An electronic device 10a according to a fifth modification is explained using FIG. 9 and FIG. 10. Here, description is made at points different from the embodiment. Explanation is omitted about points similar to the embodiment, by giving the same mark as the embodiment. The electronic device 10a differs from the embodiment in the configuration of the first metal part 3a and the insulation part 4a in an insulation metal component.

As shown in FIG. 9 and FIG. 10, according to the electronic device 10a, a surface area of the insulation part 4a opposing the one surface S1 is larger than the surface area of the one surface S1. Moreover, according to the electronic device 10a, the surface area of the insulation part 4a opposing the first metal part 3a is the same as the surface area of the first metal part 3a opposite from the semiconductor device 1. In addition, the same material as the first metal part 3 can be used for the first metal part 3a, and the same material as the insulation part 4 can be used for the insulation part 4a. The electronic device 10a achieves the same effect as the electronic device 10.

Claims

1. An electronic device comprising:

a heating element that emits heat by operating;

an insulation metal component to which the heating element is mounted, the insulation metal component radiating heat of the heating element; and

a sealing component that seals the heating element and the insulation metal component, wherein

the insulation metal component includes a first metal part to which the heating element is mounted, a second metal part having a portion exposed from the sealing component, and an insulation part interposed between the first metal part and the second metal part to be insulated from each other in a stacked manner,

the second metal part has a central part and a peripheral part surrounding the central part, the peripheral part having a thickness thinner than that of the central part, the sealing component sealing the peripheral part,

the second metal part has one surface opposing and in tight contact with the insulation part, and an exposed surface opposite from the one surface, the exposed surface being exposed from the sealing component within an area corresponding to the central part, and

the second metal part has a recess recessed than a virtual straight line that connects an end of the one surface to an end of the exposed surface at a shortest distance around the central part.

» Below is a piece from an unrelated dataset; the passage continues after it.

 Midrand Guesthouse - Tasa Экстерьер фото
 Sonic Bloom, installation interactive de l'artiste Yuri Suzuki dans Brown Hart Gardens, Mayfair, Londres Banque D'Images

2. The electronic device according to claim 1, wherein

the peripheral part has a coarse surface.

3. The electronic device according to claim 1, further comprising:

a circuit board to which the heating element is mounted, the circuit board being electrically connected with the heating element,

the heating element has a mounting surface mounted to the first metal part, and an opposite surface opposite from the mounting surface, and the heating element is mounted to the circuit board in a state where the opposite surface opposes the circuit board, and

the sealing component seals a mounting surface of the circuit board to which the heating element is mounted.

4. The electronic device according to claim 1, wherein

the one surface of the second metal part is in tight contact with all surface area of the insulation part opposing the one surface.